BEGIN
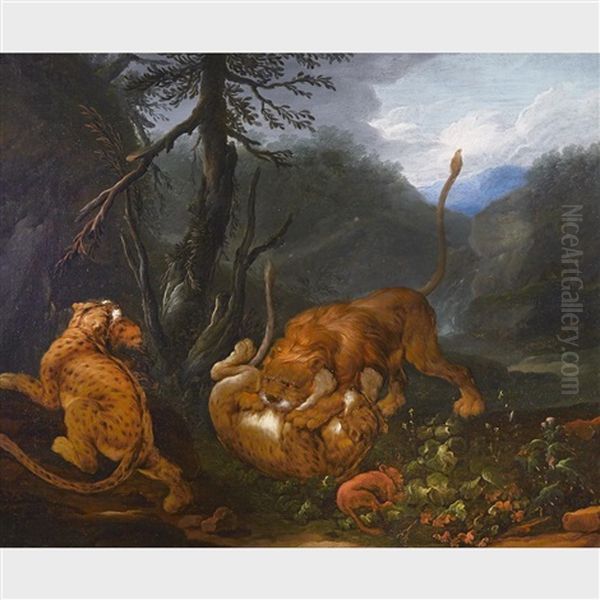 Lowen Beschutzen Ihre Kleinen Vor Einem Angriff (lions Protecting Their Young) Oil Painting by Carl Borromaus Andreas Ruthart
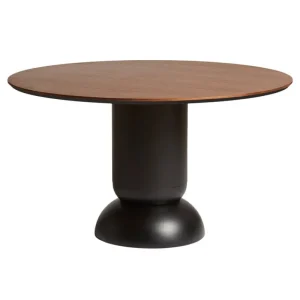 Fritz Hansen Tische-Woud Esstisch Ludo, 130 cm, Schwarz - Walnuss matt lackiert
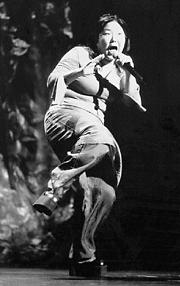 From tears to laughter: Cho in mid-performance.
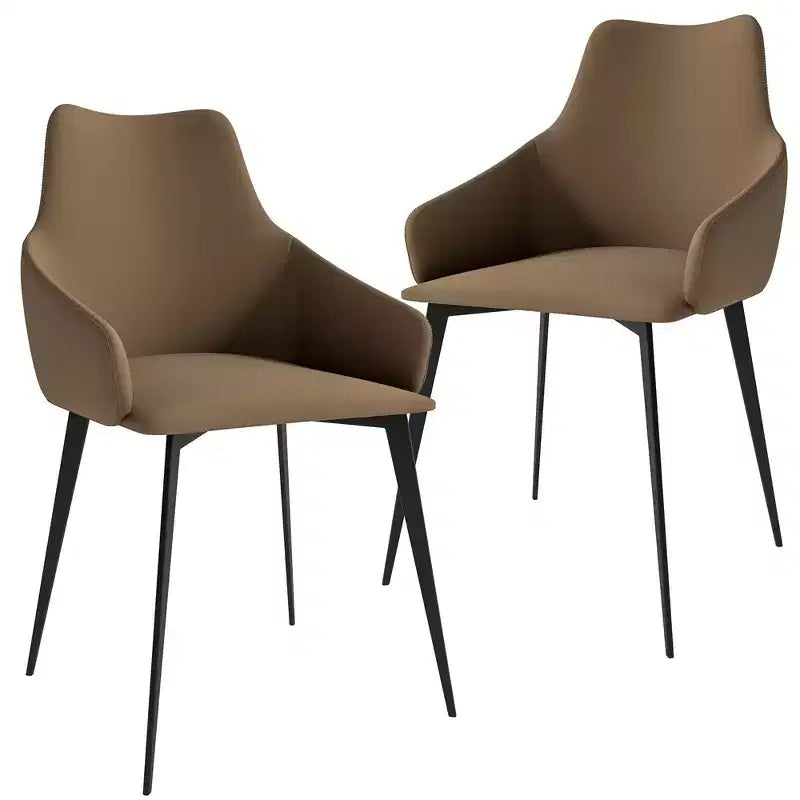 LeisureMod Sonnet Sedie da Pranzo Imbottite in Tessuto con Gambe in Ferro Set di 2 Comode Sedie Laterali Moderne per Sala da Pranzo, Cucina o Soggiorno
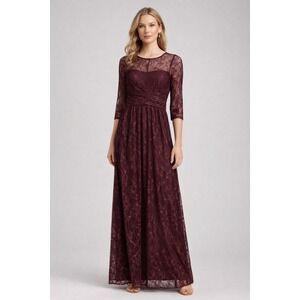 Ellen Tracy Burgundy Lace 3/4 Sleeve Lace Modern MOTB Maxi Dress Size 2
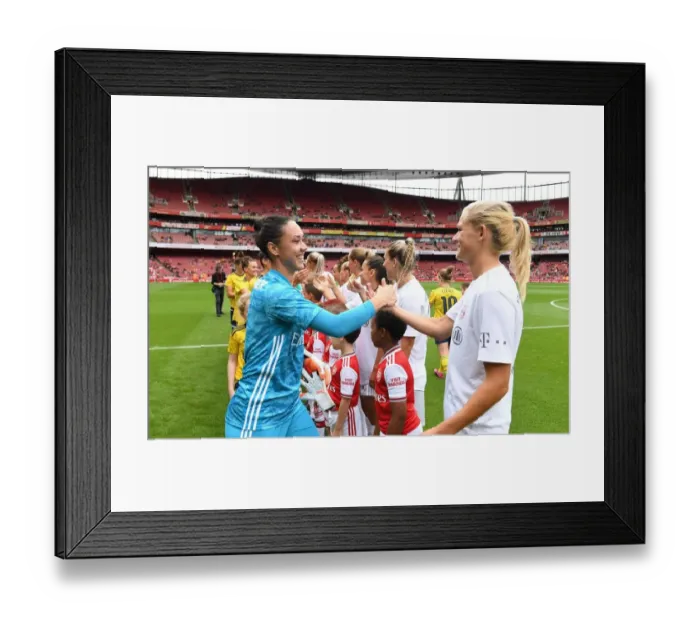 Framed Print : Arsenal Women vs. FC Bayern Munich: Manuela Zinsberger Prepares for Emirates Cup Clash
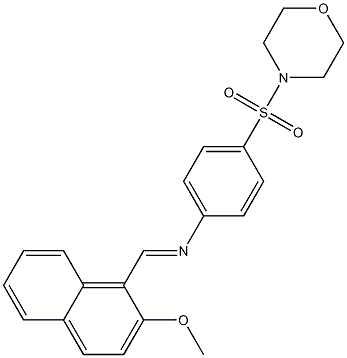 N-[(E)-(2-methoxy-1-naphthyl)methylidene]-N-[4-(4-morpholinylsulfonyl)phenyl]amine 化学構造式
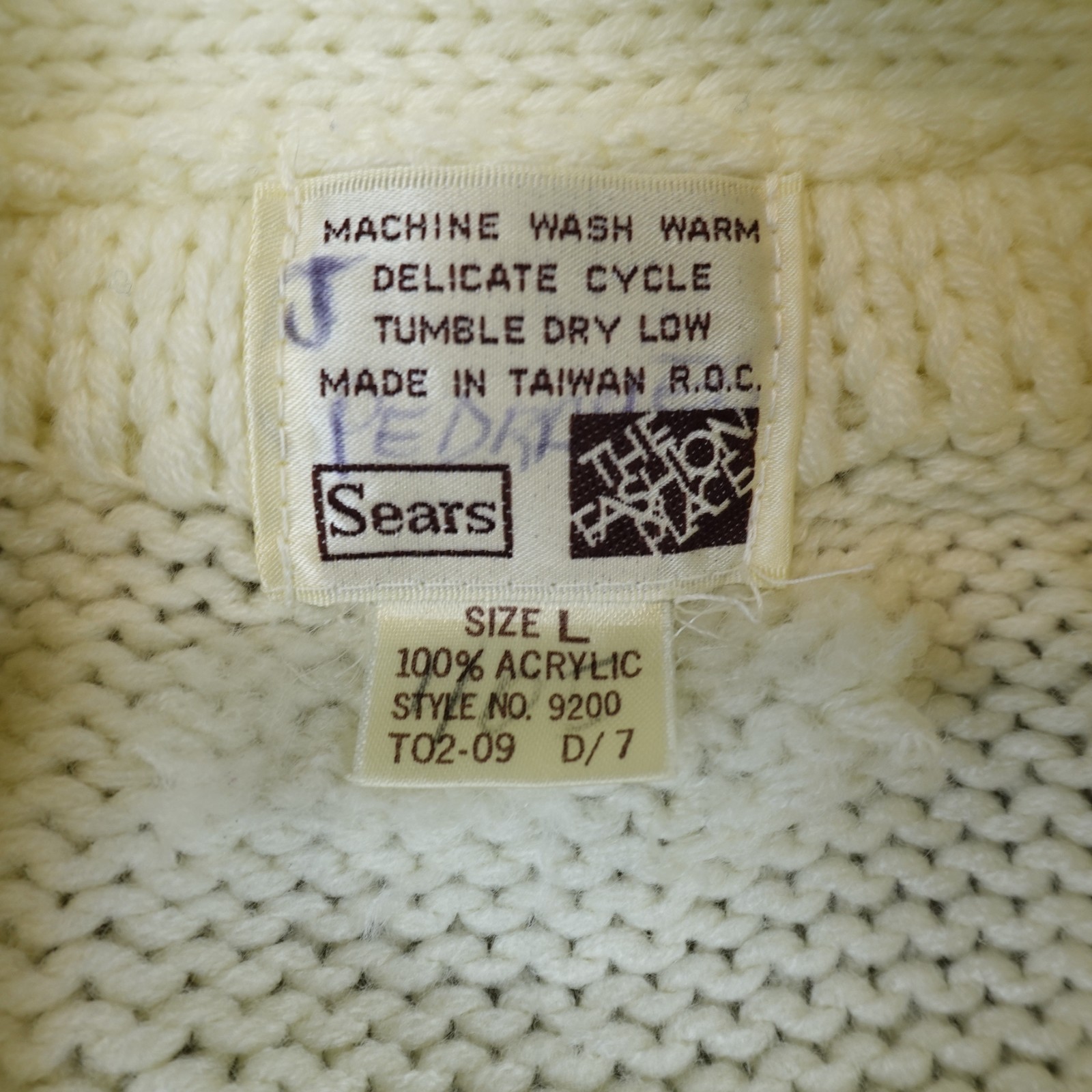 VTG Sears Sweater Cream Ivory Cable Knit Shawl Fisherman Cardigan Women Large 80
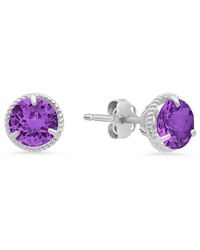 MaxColor - 14K 1.30 Ct. Tw. Amethyst Halo Studs - Lyst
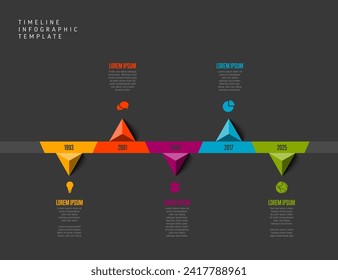 A professional timeline infographic template with colorful pointers and years marked on a horizontal timeline. Ideal simple time line template design for presentations. 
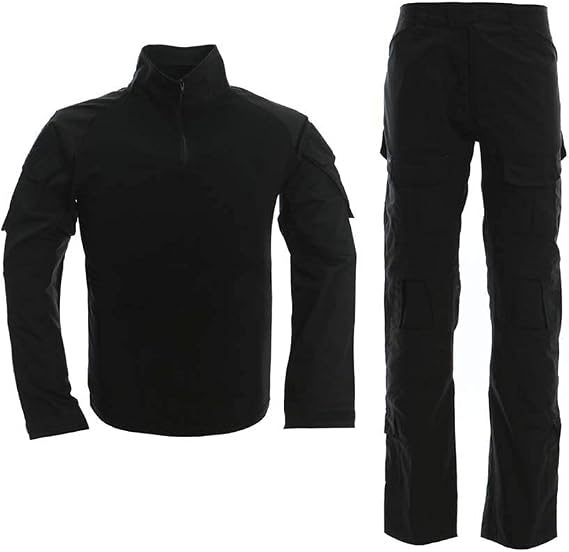 LANBAOSI Men's 1/4 Zip Military Uniform Tactical Combat Shirt & Pants Set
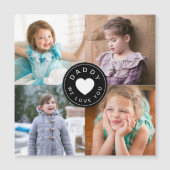 Carte Magnétique Cool Daddy We Love You Heart Photo Collage (Devant)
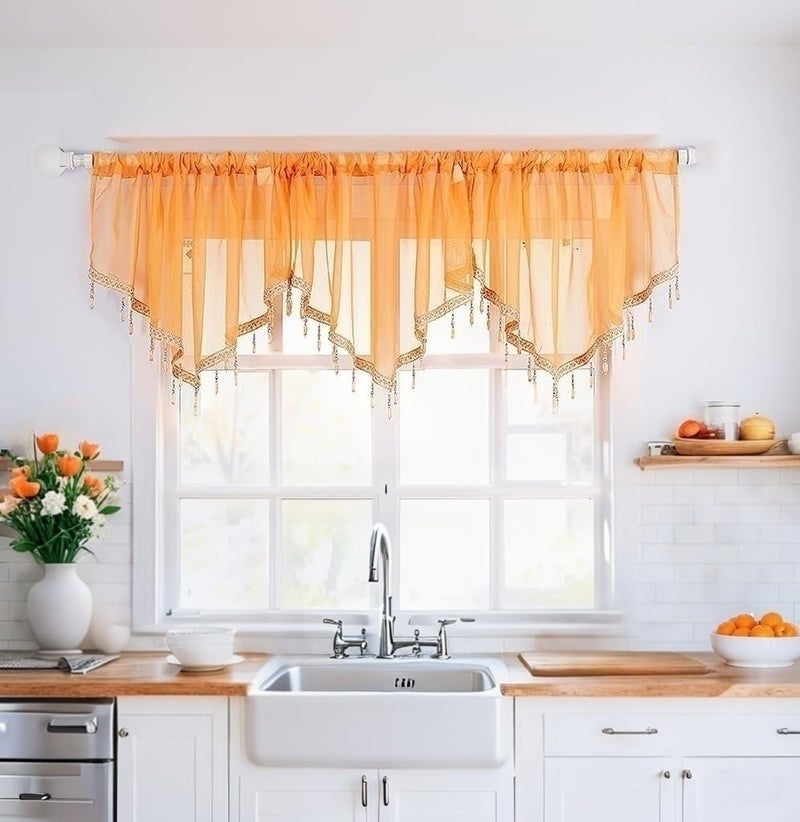 WUBODTI Orange Beaded Sheer Curtain Valances for Kitchen Windows, Triangle Sheer Voile Swag Valance Curtains Boho Bead Tassels Window Valances for Bedroom Bathroom Living Room,3PCs, Each W51 x L24 - Image 1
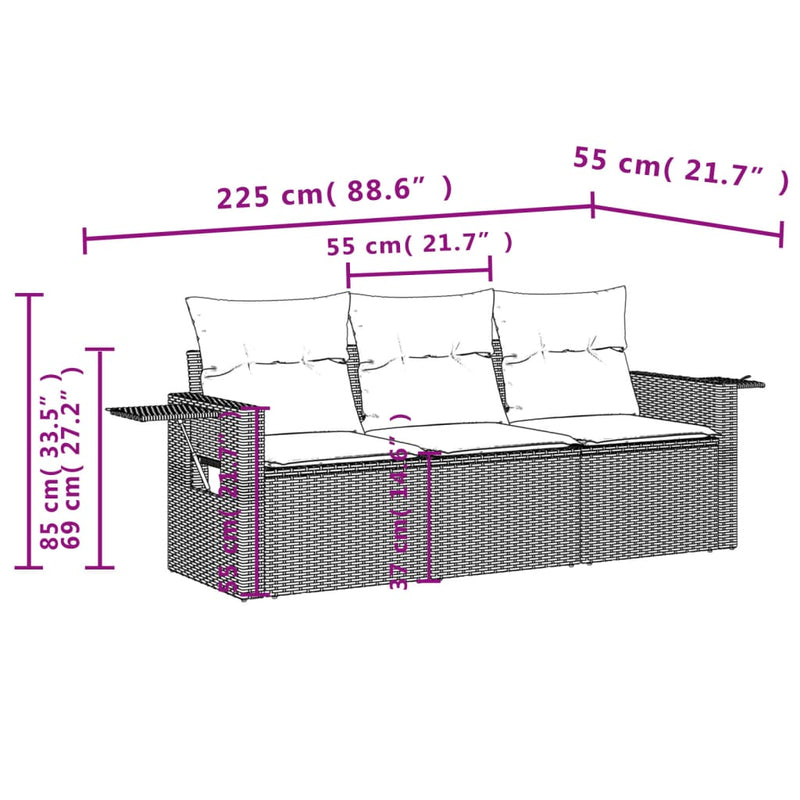 vidaXL 3 Piece Garden Sofa Set with Cushions Grey Poly Rattan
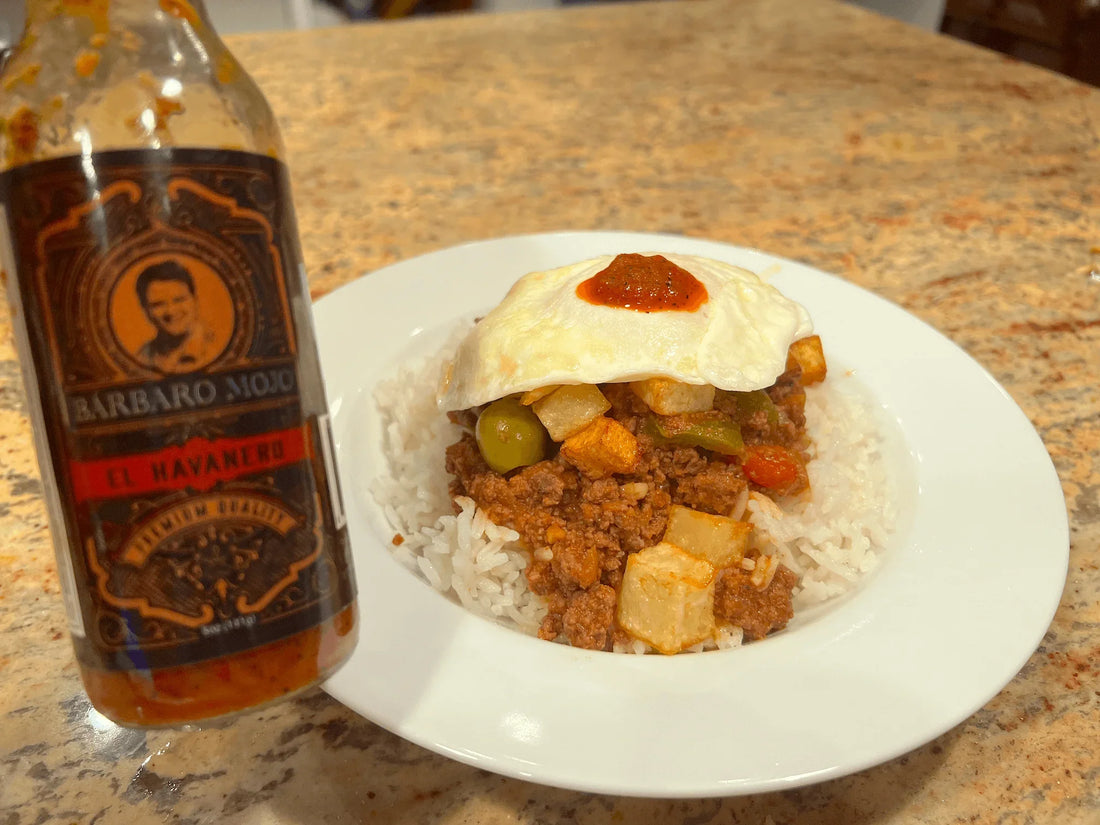 Spicy Cuban Hot Sauce Picadillo a Caballo Recipe with Barbaro Mojo - BarbaroMojo.com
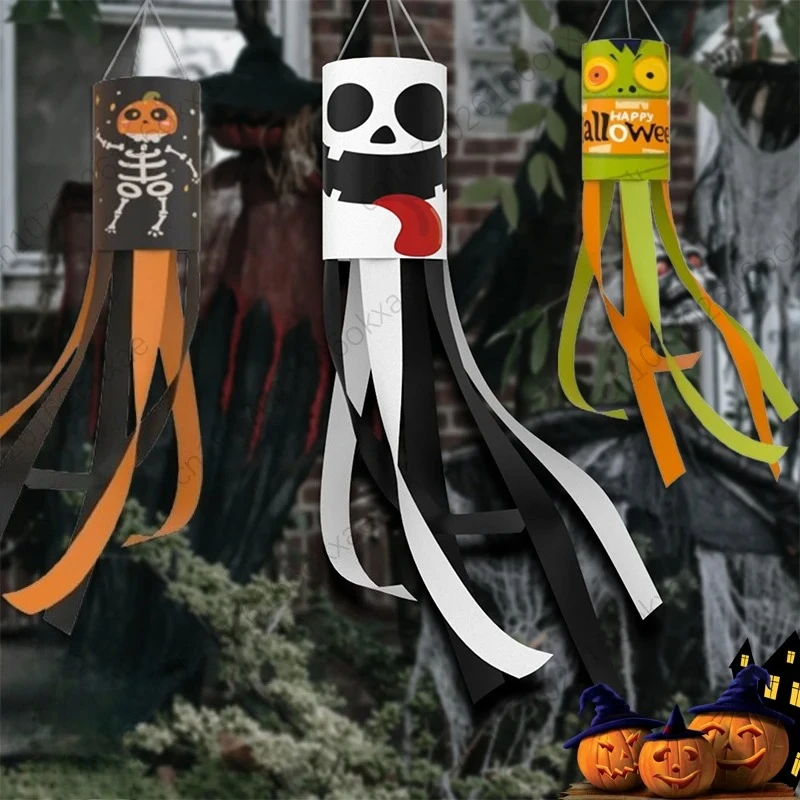 1-20PCS Halloween Ghost Windsock Flag Hanging Decoration Spooky Wind Sock for Yard Haunted House Party  Festival Outdoor Prop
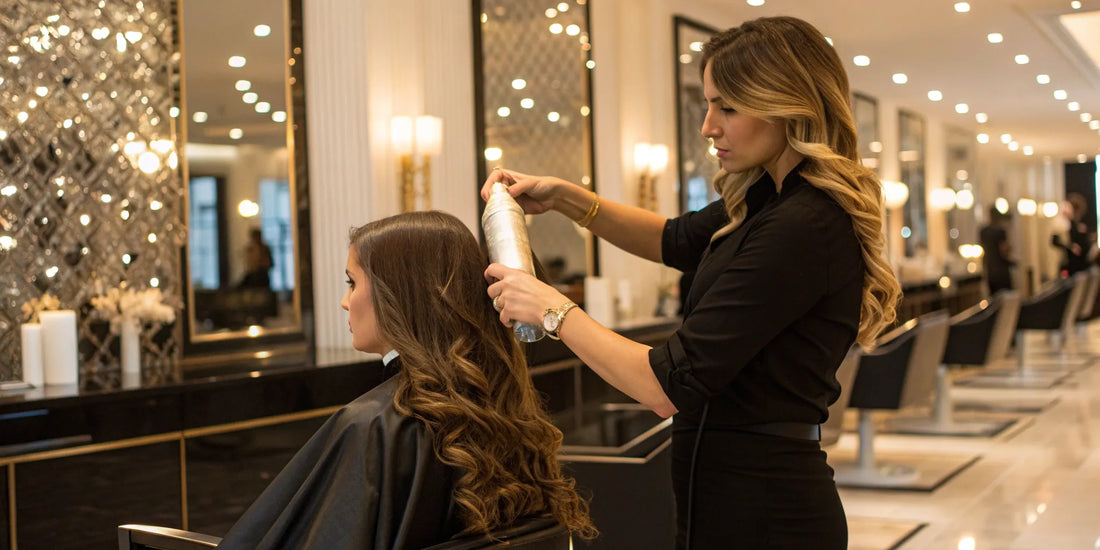 A stylist preps a client's hair with a salon-quality blowout cream before styling.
END
§ WHAT YOU HAVE TO DO
How would the lines above read from the one with "LANBAOSI Men's 1/4" to the one with "vidaXL 3 Piece", inclusive, with no pictures? Write them out exactly.

§ ANSWER
 LANBAOSI Men's 1/4 Zip Military Uniform Tactical Combat Shirt & Pants Set
 Carte Magnétique Cool Daddy We Love You Heart Photo Collage (Devant)
 WUBODTI Orange Beaded Sheer Curtain Valances for Kitchen Windows, Triangle Sheer Voile Swag Valance Curtains Boho Bead Tassels Window Valances for Bedroom Bathroom Living Room,3PCs, Each W51 x L24 - Image 1
 vidaXL 3 Piece Garden Sofa Set with Cushions Grey Poly Rattan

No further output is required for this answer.